However, it’s the introduction of actress Gal Gadot as the legendary Diana Prince/Wonder Woman into the theatrical world of DC that provided the biggest, most pleasant surprise. As Ms. Prince, she provides just enough of a low-key, sultry persona that makes her eagerly awaited appearance as Wonder Woman later in the film all the more exhilarating. If ever there was a benchmark for how Wonder Woman is to be presented on-screen, this is absolutely it.
The supporting cast does a fine job of rounding out the action onscreen as well. Jeremy Irons as Bruce Wayne’s faithful butler Alfred Pennyworth plays the part admirably, with just enough coarseness to give some unexpected energy to his exchanges with his boss. Amy Adams does a passable job once again as Lois Lane, with Laurence Fishburne and Diane Lane both sufficiently reprising their roles as well from Man of Steel as, respectively, Daily Planet editor Perry White and Martha Kent, while Halt and Catch Fire’s Scoot McNairy enjoys some decent screen time as a disgruntled former Wayne Enterprises employee severely injured in the opening attack on Metropolis. Plus, fans of Snyder’s Watchmen will enjoy the numerous cameos from that film’s cast as well.
The music of Batman v Superman: Dawn of Justice is a character in and of itself. The team of Hans Zimmer and Junkie XL have created a score that propels the action and adds gravity to some emotional moments strewn about the film as well. With enough callbacks to the Man of Steel soundtrack, an eerie, Danny Elfman-esque motif for Batman and the debut of Wonder Woman’s theme, the music may sound generic when listened to by itself, but when paired up with the events of the film, gives the audience a different experience than heard in Zimmer’s work on The Dark Knight Trilogy and Man of Steel.
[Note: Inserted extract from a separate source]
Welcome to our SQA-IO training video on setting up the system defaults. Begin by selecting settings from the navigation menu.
If this be the music of the Justice League, I’m sold.
Finally, what about the direction, and that influence on the movie overall? Snyder has always been a visual director, and his reliance on slow-motion and an abundance of CG once again find a home in Dawn of Justice. Luckily, Snyder knows when to reign it in and let the story, as scattershot as it may be, do the work, saving the effects for when absolutely needed. Combined with the return of editor David Brenner from his work on Man of Steel, the bulk of Dawn of Justice moves and flows quite nicely, especially when the moment arrives for The Bat and Supes to finally go head to head. The fight is, without question, what we’ve all been waiting for. Make no mistake-this is a dark film, darker than Man of Steel, but still bursting with intensity, like a beaten-down Batman mustering up his energy to generate one final, devastating punch. That energy is this movie.
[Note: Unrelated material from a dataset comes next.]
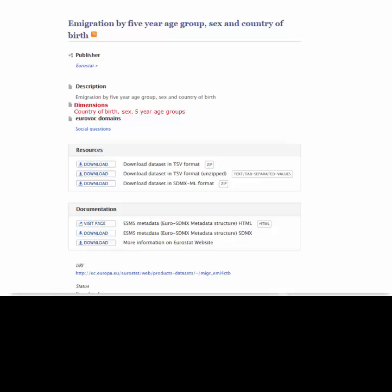In STAT-DCAT-AP, the portal will be able to offer searches based on the concepts used in the dimensions — such as age, sex, country of birth, education level, industry, etc. — and to present choices with the closest match to these selections.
Batman v Superman: Dawn of Justice is far from flawless, but also far from the trainwreck critics have made this film out to be. If the opportunity presents itself to see it in IMAX, take advantage. Fans will have a blast re-watching this film for the many Easter Eggs hidden throughout, as well as to see so many incredible moments come alive that have only existed on the pages of DC for decades. A welcome diversion from the Marvel assembly line, Dawn of Justice takes a number of well-executed risks with story & the characters themselves and helps to further establish DC’s world in film, one I'm eager to continue exploring in the coming years with the release of this year’s Suicide Squad, next year’s Wonder Woman and Justice League Part One, 2018’s The Flash and Aquaman, and beyond. They may call it Dawn of Justice, but it’s also the dawn of something even more exciting, and I for one can’t wait.